• [AVAILABLE DATA]
--------------------------------

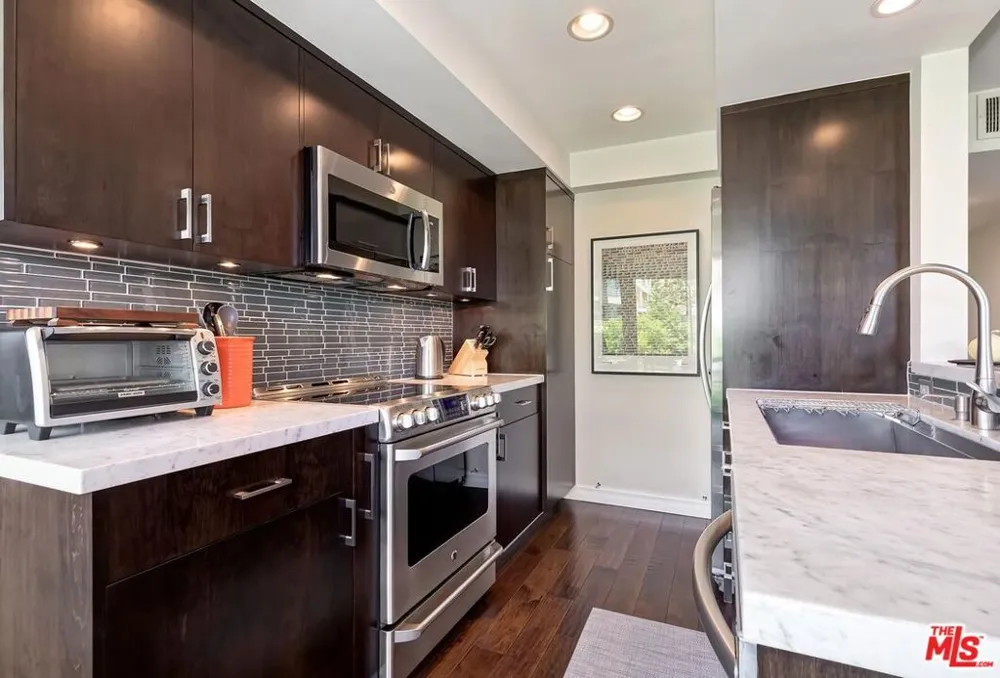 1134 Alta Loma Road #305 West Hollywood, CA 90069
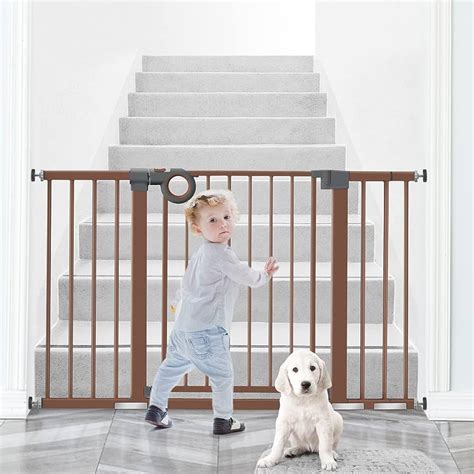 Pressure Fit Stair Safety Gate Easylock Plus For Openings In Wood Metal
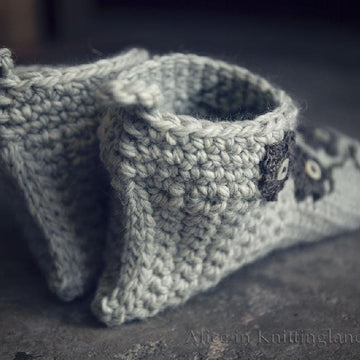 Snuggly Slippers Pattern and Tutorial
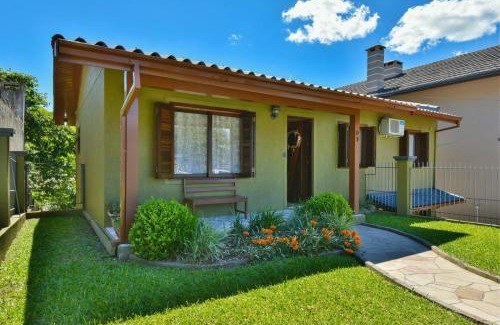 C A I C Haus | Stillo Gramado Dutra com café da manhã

--------------------------------

• [ABOUT THIS EXERCISE]
What is needed is an exact copy of all the data, with no images in it.

• [YOUR SOLUTION]
 1134 Alta Loma Road #305 West Hollywood, CA 90069
 Pressure Fit Stair Safety Gate Easylock Plus For Openings In Wood Metal
 Snuggly Slippers Pattern and Tutorial
 C A I C Haus | Stillo Gramado Dutra com café da manhã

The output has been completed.